### Exercise requirements
Go to the line holding "The rule of" in the data below and repeat it exactly, then each line after it up to and including the one holding "See us at Joseph". Omit pictures.

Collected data

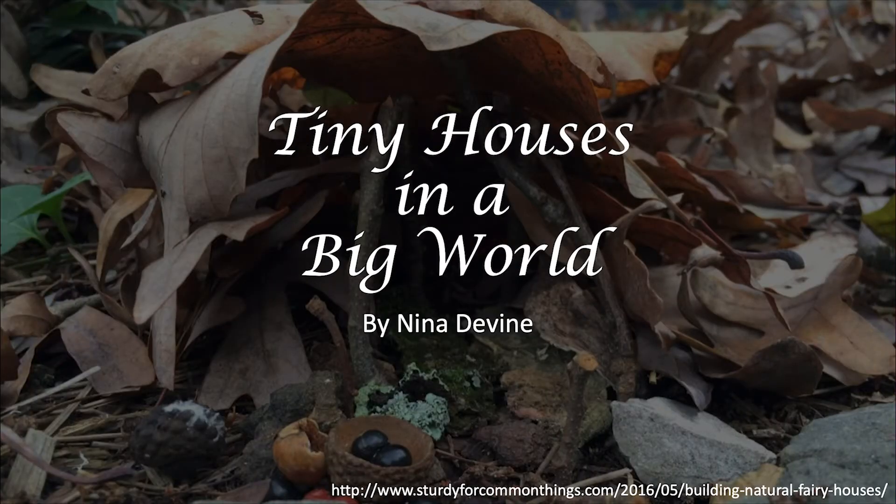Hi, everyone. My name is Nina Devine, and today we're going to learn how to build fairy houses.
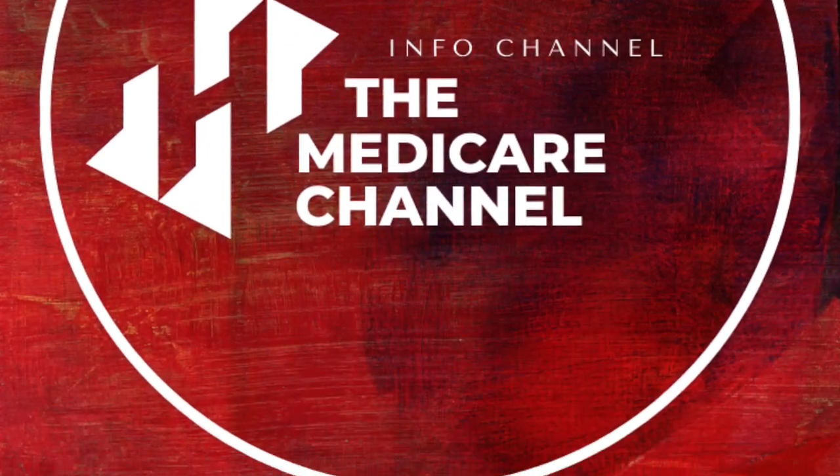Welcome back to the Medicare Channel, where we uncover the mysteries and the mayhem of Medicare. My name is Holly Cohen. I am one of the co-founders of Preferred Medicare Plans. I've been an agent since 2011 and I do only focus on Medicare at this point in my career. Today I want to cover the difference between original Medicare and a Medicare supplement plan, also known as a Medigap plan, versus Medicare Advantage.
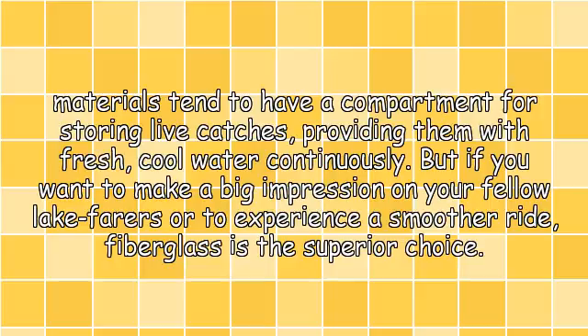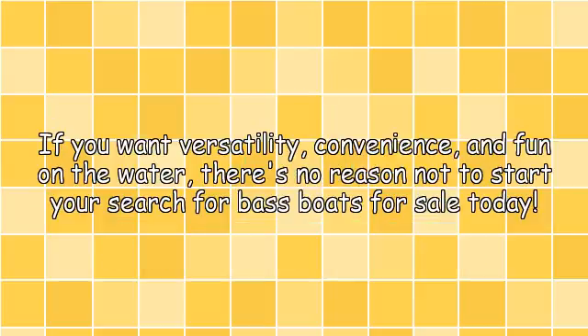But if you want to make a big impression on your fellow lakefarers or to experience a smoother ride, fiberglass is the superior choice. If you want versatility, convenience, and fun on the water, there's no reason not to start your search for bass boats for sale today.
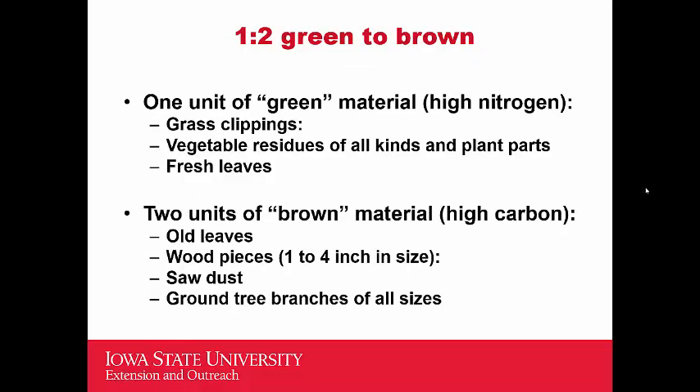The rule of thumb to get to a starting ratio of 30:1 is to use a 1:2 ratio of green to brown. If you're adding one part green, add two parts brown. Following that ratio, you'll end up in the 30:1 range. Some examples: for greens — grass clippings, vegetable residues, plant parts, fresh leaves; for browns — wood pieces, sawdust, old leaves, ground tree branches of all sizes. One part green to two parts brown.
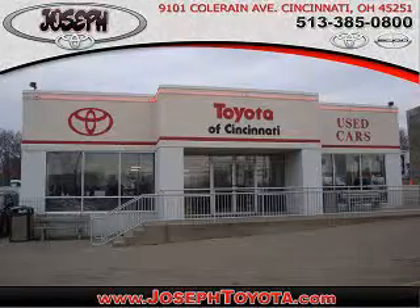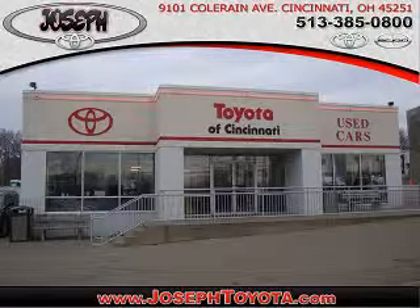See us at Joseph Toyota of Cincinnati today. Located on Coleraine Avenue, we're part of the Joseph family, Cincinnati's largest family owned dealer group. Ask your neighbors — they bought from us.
* * *
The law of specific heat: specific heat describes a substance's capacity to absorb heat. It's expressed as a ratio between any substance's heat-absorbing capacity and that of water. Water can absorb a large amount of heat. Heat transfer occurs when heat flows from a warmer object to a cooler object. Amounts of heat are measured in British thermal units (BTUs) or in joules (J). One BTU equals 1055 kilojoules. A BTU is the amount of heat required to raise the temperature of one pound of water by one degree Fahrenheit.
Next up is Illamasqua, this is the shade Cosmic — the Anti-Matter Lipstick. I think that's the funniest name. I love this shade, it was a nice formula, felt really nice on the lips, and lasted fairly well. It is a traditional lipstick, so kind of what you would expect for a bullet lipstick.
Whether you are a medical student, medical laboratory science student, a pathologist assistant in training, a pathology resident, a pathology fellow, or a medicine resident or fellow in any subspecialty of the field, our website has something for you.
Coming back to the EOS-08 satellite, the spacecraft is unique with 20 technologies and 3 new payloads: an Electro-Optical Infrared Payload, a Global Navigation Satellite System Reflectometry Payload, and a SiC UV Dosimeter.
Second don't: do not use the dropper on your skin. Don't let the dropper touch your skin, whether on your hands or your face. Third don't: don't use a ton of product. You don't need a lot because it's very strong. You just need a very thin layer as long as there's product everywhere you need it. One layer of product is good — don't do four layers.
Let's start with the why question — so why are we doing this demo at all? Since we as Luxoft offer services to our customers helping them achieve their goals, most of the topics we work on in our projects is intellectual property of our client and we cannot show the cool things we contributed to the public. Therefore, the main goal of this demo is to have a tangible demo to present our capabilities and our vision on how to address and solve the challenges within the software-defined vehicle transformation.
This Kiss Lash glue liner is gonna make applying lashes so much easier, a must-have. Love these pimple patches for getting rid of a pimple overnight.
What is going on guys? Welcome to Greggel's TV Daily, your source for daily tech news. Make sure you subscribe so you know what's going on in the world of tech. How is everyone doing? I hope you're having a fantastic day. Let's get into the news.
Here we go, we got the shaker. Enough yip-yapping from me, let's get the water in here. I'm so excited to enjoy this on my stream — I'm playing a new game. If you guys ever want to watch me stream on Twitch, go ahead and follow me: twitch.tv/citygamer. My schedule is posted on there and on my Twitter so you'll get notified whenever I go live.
==
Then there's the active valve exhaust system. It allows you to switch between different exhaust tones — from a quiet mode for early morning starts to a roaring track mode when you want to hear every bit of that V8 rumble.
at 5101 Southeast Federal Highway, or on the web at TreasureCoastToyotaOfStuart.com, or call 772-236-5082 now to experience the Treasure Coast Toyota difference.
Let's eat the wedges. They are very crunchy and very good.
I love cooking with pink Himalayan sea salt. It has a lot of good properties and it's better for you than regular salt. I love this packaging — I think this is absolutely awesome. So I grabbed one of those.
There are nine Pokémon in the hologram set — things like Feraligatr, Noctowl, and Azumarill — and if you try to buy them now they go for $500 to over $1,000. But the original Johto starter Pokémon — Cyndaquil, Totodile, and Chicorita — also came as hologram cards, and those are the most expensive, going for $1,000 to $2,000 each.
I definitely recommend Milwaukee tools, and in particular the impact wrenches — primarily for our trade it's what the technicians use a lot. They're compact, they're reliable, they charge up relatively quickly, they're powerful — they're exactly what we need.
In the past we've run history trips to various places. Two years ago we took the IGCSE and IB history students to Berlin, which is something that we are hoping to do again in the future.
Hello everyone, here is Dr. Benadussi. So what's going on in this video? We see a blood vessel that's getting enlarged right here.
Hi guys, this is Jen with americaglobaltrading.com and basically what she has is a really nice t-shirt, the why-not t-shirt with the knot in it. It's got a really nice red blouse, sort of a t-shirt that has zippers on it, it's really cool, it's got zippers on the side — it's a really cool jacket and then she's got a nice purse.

### Solution for this problem
The rule of thumb to get to a starting ratio of 30:1 is to use a 1:2 ratio of green to brown. If you're adding one part green, add two parts brown. Following that ratio, you'll end up in the 30:1 range. Some examples: for greens — grass clippings, vegetable residues, plant parts, fresh leaves; for browns — wood pieces, sawdust, old leaves, ground tree branches of all sizes. One part green to two parts brown.
See us at Joseph Toyota of Cincinnati today. Located on Coleraine Avenue, we're part of the Joseph family, Cincinnati's largest family owned dealer group. Ask your neighbors — they bought from us.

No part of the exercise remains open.